I was prompted to write this post in response to a recent discussion thread in linkedin Hadoop Users Group regarding fuzzy string matching for duplicate record identification with Hadoop. As part of my open source Hadoop based recommendation engine project sifarish, I have a MapReduce class for fuzzy matching between entities with multiple attributes. It’s used for content based recommendation. My initial reaction was that the same MapReduce class could be used for duplicate detection, by modelling all the fields of a record as text field and calculating Jaccard similarity between corresponding text fields.

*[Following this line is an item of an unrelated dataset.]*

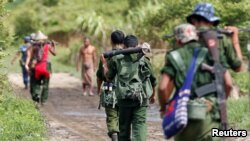 မောင်တောမြို့နယ်တွင်း စစ်သားတွေပါတဲ့ အရပ်သားကား မိုင်းဆွဲတိုက်ခိုက်ခံရ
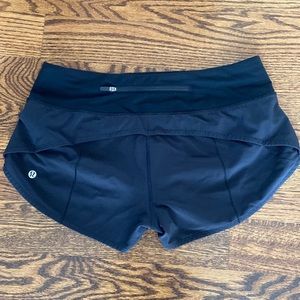 lululemon speed up black 2.5" size 6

On further thought, I realized that the Jaccard similarity may not be right choice and Levenshtein Distance is more appropriate. Accordingly, I added support for Levenshtein Distance based text matching to sifarish. In this post, I will show how it’s been used to detect duplicate records.
Fuzzy Entity Matching
The details of the matching algorithms can be found from my earlier posts. For an entity, various attribute types are supported including integer, double, categorical, text, time, location etc. Essentially for any pair of entities, distance is calculated between corresponding attributes. Attribute wise distances are aggregated over all the attributes of an entity to find the distance between two entities.
Why is Jaccard distance not appropriate for this use case? Given two blocks of text, Jaccard similarity depends on the number of words common to both and the union of words in the the two text blocks. Two words will not match whether there is difference in one character or multiple characters. Levenshtein Distance gives us more fine grained text matching algorithm.
Levneshtein Distance
Given two words, it’s defined as the number inserts and deletes of characters necessary to make one word same as the other. The Levenshtein Distance between two words w1 and w2 is calculated as follows
distance(w1,w2) = length(w1) + length(w2) – 2 * maxCommonSubSeqLength(w1,w2)
where
maxCommonSubSeqLength is the length of longest common sub sequence between w1 and w2.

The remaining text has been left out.